The Domaine Barthod-Noellat was founded in the late 1920s and obviously is a fusion of the work of two families: Noellat & Barthod. Gaston Barthod, whose family originated in the Jura, married into the Noellat family and took over the direction of the domaine after his military service concluded in the 1950s.
Ghislaine, Gaston’s daughter, began an intense apprenticeship with her father in the 1980s. She has brought new vigor and a distinct touch to every area of concern from vineyard management to vinification but always with the profound regard for the purity of pinot noir and the character of the wines of Chambolle. Under her leadership, the reputation of this estate has deservedly grown internationally. The Domaine Ghislaine Barthod is now a standard bearer for the great wines of Chambolle Musigny.
Ghislaine Barthod’s holdings cover 5.86 hectares in the commune of Chambolle and in neighboring Gilly-les-Citeaux.

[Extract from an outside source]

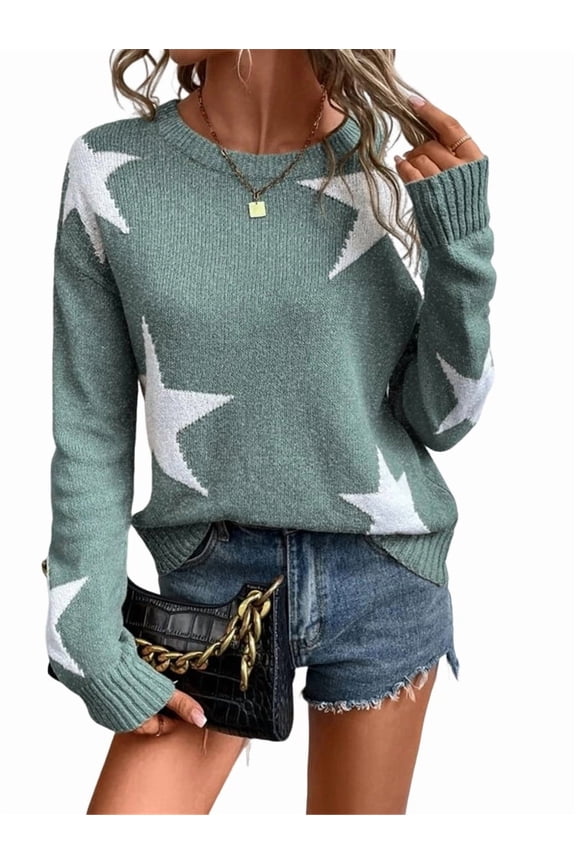 Women'S Star Pattern Crew Neck Drop Shoulder Casual Sweater Pullover Knitwear Green XL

The soil of Chambolle is more spare than that of neighboring Morey and Gevrey. Limestone gravel covers the surface and the layer of topsoil is very thin. As a result, the wines of Chambolle are noted for their finesse and delicacy. The average age of the vines on the Barthod estate is over 30 years old. Yields are always modest; a vigorous pruning and occasional “green harvest” are practiced.

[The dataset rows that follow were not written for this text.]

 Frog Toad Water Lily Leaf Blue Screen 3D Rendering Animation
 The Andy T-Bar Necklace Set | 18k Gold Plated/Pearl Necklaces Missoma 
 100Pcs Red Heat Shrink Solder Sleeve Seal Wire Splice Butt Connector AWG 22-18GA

The vineyard holdings encompass the very top sites in this esteemed village. Fuées, Cras, Baudes, and Veroilles virtually surround the great Bonnes Mares, each giving a partial taste of that Grand Cru; the centrally-located Charmes seems to fuse all the elements of Chambolle; and, the friendly Beaux Bruns and rigorous Châtelots serve as counterpoints one to the other. Ghislaine has recently added a small parcel in “Aux Combottes” to round out the holdings of the estate.
Ghislaine follows traditional methods of vinification and carefully ages her wines. The grapes are partially destemmed before going into the fermentation vats. Only natural yeasts are used. The more sluggish start encountered when working with wild yeast gives the must a natural period of maceration before fermentation begins. The length varies from 2 to 5 days and is dependent upon temperatures. After fermentation, the wines are racked into small barrels (about 20% to 25% of which are new) and aged for about 20 months. These wines are particularly ageworthy and offer the rare privilege of deeply exploring the terroir of this singular village.